[Materials provided]

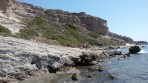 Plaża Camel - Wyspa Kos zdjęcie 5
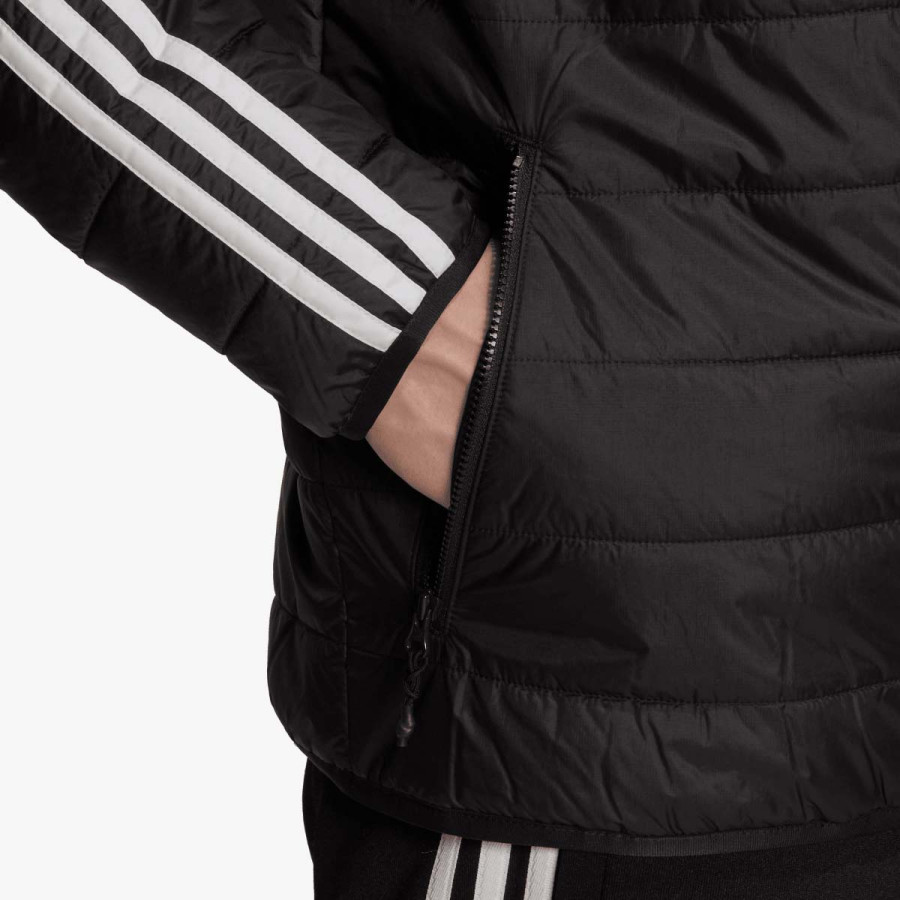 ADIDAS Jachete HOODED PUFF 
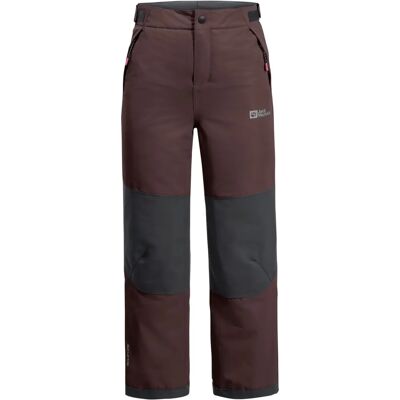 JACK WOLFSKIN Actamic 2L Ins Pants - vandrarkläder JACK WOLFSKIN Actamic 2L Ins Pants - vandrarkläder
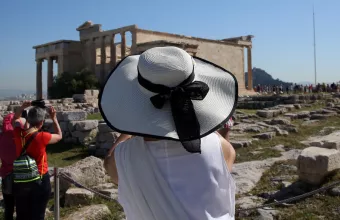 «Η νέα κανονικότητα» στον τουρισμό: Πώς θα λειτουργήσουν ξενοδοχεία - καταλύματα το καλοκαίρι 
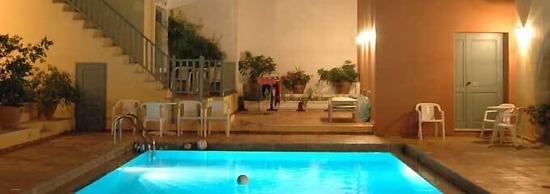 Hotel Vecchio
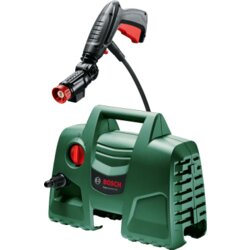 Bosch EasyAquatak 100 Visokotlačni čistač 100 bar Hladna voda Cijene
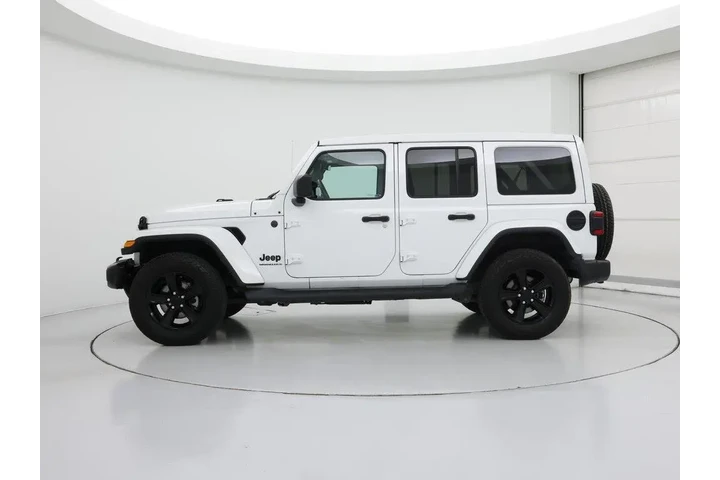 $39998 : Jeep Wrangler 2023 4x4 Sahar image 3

[/Materials provided]

Exercise details => Output nothing but the records above, word for word, with the pictures removed.

Answer to this problem =>
 Plaża Camel - Wyspa Kos zdjęcie 5
 ADIDAS Jachete HOODED PUFF 
 JACK WOLFSKIN Actamic 2L Ins Pants - vandrarkläder JACK WOLFSKIN Actamic 2L Ins Pants - vandrarkläder
 «Η νέα κανονικότητα» στον τουρισμό: Πώς θα λειτουργήσουν ξενοδοχεία - καταλύματα το καλοκαίρι 
 Hotel Vecchio
 Bosch EasyAquatak 100 Visokotlačni čistač 100 bar Hladna voda Cijene
 $39998 : Jeep Wrangler 2023 4x4 Sahar image 3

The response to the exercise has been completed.